The celebrated Syrian actor made the comments in an engrossing Thursday evening In Conversation session at the Sharjah International Book Fair, which concluded its 36th edition yesterday.
The 59-year-old wasted no time in allowing the audience to pose questions based on his four-decade career that encompasses Arabic stage, film and television in addition to forays in Hollywood.
When asked about his preference for historical roles, he criticises the vapid nature of modern Arabic television and films.
“I find a lot of them ridiculous and I am just being very honest here. I also don’t want my children to be embarrassed of me. I raised them to be critical thinkers, and before the critics they will tell me straight away if I did not give my best,” he says.
“I portray big characters from the past because there is a depth to them and they embody certain noble values. It is rare to find such characters in modern dramas today. If you take a look at the shows that were a hit in the ratings you will find most of them offensive and devoid of any real values. I don’t want to feed that market, that’s for others. I want to take on roles that complement the ideals that I learned when I first took on acting.”
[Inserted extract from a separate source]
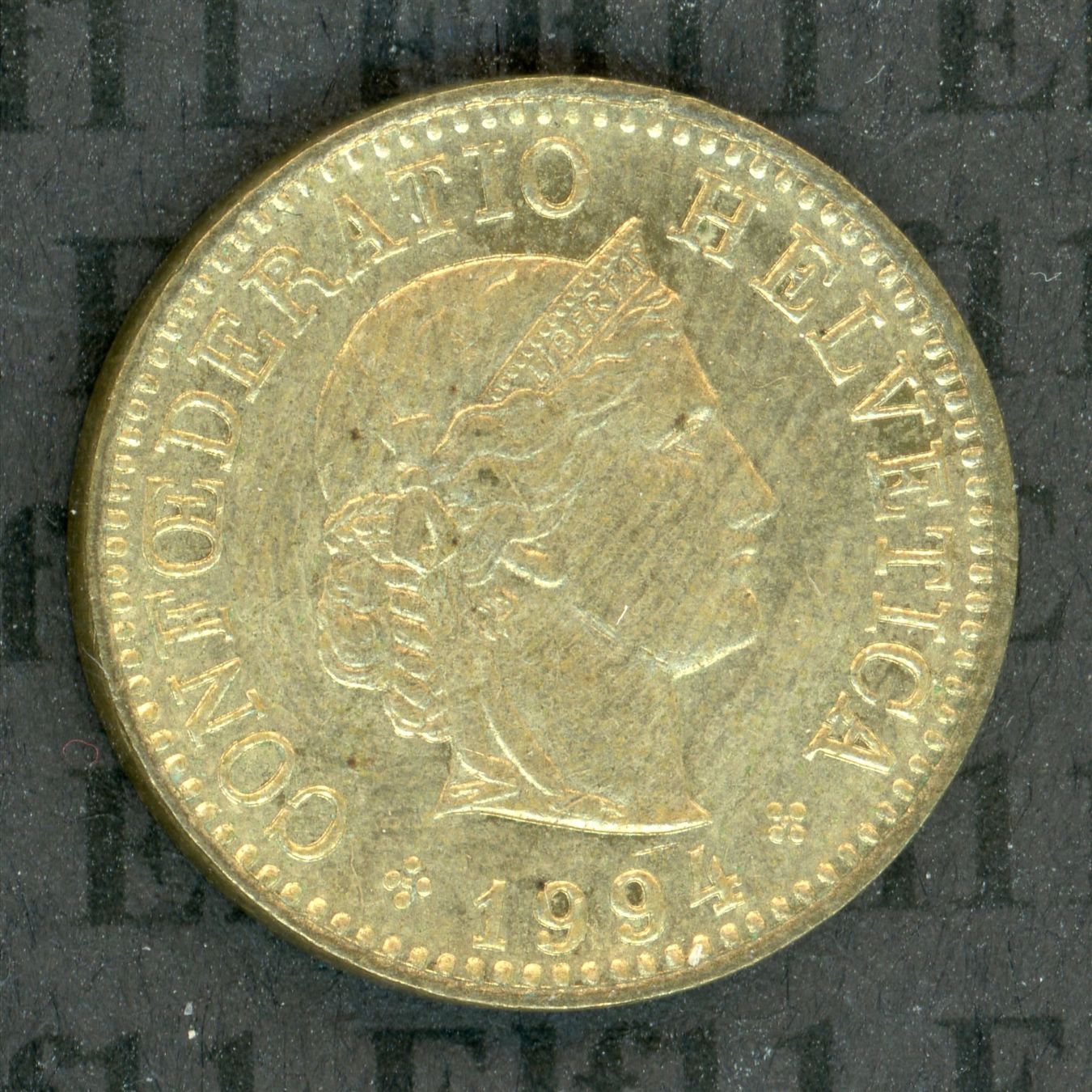 Tutti le monete: CHF___0.05 1994 -vz 5 Rappen – Usato da Widnau venduto da Elf11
Born in Damascus, Massoud took to acting as a university student where he studied the craft in addition to appearing in acclaimed Syrian stage adaptions including Russian novelist Anton Chekhov’s 1895 short story Ward No 6 and Chilean writer Antonio Skarmeta’s 1985 novel, Ardiente Paciencia.
He explains that the art form taught him more than just honing his acting skills.
“The training of the stage actor is different than those in film and television,” he said.
“The biggest, and I would say the most important, is that it also taught us how to speak in fusha (classical Arabic). It taught use the depth of the words and how to apply them well. It taught us the command of the language as well as our facial reactions and our bodies. It is a richer and intensive craft.”
Those abilities were in full display in a string of television dramas focusing on Islamic history, including star turns as the Prophet Mohammed’s companions Abu Bakr and Abdallah ibn al-Zubayr in the 2012 and 2003 blockbuster Ramadan dramas Omar and Hajaj respectively.
Massoud’s taut and soulful performances managed to catch the eye of British director Ridley Scott, who cast him as the Arab ruler and Muslim military commander Saladin in the 2005 drama, Kingdom
Massoud said that role was an eye-opening experience.
“Even after accepting it, I was hesitant and cautious about the whole thing because I didn’t know what to expect,” he says.
“But I was pleasantly surprised because they were so respectful and viewed me as a full part of the team. After a week, it felt like I was acting with colleagues back in Syria or Sharjah.”
More Arab actors in Hollywood will not change perceptions of the region, Massoud says. It can only be done by producing world-class films.
“There are plenty of investors but you will find them placing their money in all other areas except for the arts,” he said.
“There is still this belief that film and cinema is something related to leisure and play instead of being an important part of exploring and promoting culture.”
If the money was available, Massoud says he would launch into either one of his two dream projects; to play the role of Shams Tabrizi, the spiritual instructor of the Sufi mystic Rumi, or the great Arabic poet Al Mutannabbi: “I am ready and will dedicate everything I have to these projects.”
Massoud continues Sharjah International Book Fair’s tradition of providing a space for influential Arab actors to discuss the finer points of their craft and career.
Last year Egyptian performer Ezzat Al Alaili appeared, while his compatriots the legendary comic actor Adel Imam and film stalwart Mohamed Sobhi appeared in the festival in 2012 and 2015 respectively.